Jennifer Craig was told to "write what you know," so she crafted a memoir about her working life as a nurse in her native England.

She was an experienced writer, but her previous work had been in the stilted, formal structure needed to earn a doctorate. "I was used to academic writing," she said, "which is full of drivel, of course." The creative-writing class she took in Nelson encouraged her to explore memories of her life as a trainee nurse at Leeds General Infirmary, a slate-roofed Victorian hospital of red brick.

She tried to get the memoir published.

"I was a complete novice at this," she said. "I started with the big [publishers]first."

The first house she approached rejected the book. As did the second. And the third.

She tried lesser publishing firms. The brush-offs began piling up. She had 27 rejections before she got good news from "a small publisher in Derby in England."

Breedon Books released Yes Sister, No Sister in 2002.

Over the years, it sold just under 3,000 copies, a respectable figure but not one on which anyone could count riches.

And that seemed to be that.

Until one day the author received an unexpected e-mail that would not only revive her book but bring to fruition an author's dream.

Ms. Craig, 78, still carries in her voice the intonations of her native Yorkshire. She was born out of wedlock in the Depression year of 1934 in Knaresborough, a historic market town. Her parents were forced to marry, the young family supported by a paternal grandparent, as her father continued engineering studies at Coventry.

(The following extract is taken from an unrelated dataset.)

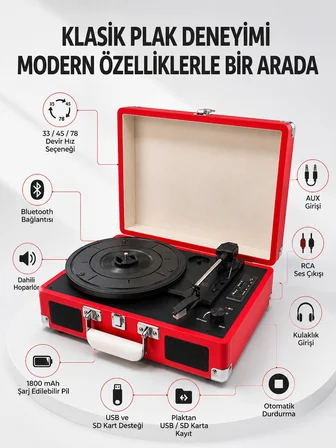 Şarj Edilebilir Taşınabilir Pikap 1800 mAh Dahili Pil Bluetooth ve Çoklu Bağlantı Seçenekli - Lisiny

When she was 5, her father went off to war with the Corps of Royal Electrical and Mechanical Engineers, serving in far-off Burma. She would not see him again for six years. "He came back a stranger to us all," she said.

Meanwhile, she and her mother were evacuated from Coventry, a target of German bombing, spending the war at a remote vicarage in Gloucestershire, where disaster struck. A flame ignited the girl's nightdress and she suffered terrible burns, spending nearly two years in hospital.

Later, when it came time for her as a young woman to select a career, her options included teaching, factory work, secretarial school or nursing.

After several years at the hospital in Leeds, she sailed to Canada in 1961 to take a nursing job at Vancouver General Hospital. She raised a family before settling in the Kootenays at Nelson in 1994.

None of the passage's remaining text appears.